Problem statement
However many lines the data holds, transcribe them all exactly.

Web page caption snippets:
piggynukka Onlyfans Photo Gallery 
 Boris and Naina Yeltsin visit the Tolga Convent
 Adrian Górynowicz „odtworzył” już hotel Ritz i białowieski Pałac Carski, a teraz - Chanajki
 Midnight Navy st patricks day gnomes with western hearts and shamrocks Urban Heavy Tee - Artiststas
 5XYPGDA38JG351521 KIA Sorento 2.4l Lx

Reply
piggynukka Onlyfans Photo Gallery 
 Boris and Naina Yeltsin visit the Tolga Convent
 Adrian Górynowicz „odtworzył” już hotel Ritz i białowieski Pałac Carski, a teraz - Chanajki
 Midnight Navy st patricks day gnomes with western hearts and shamrocks Urban Heavy Tee - Artiststas
 5XYPGDA38JG351521 KIA Sorento 2.4l Lx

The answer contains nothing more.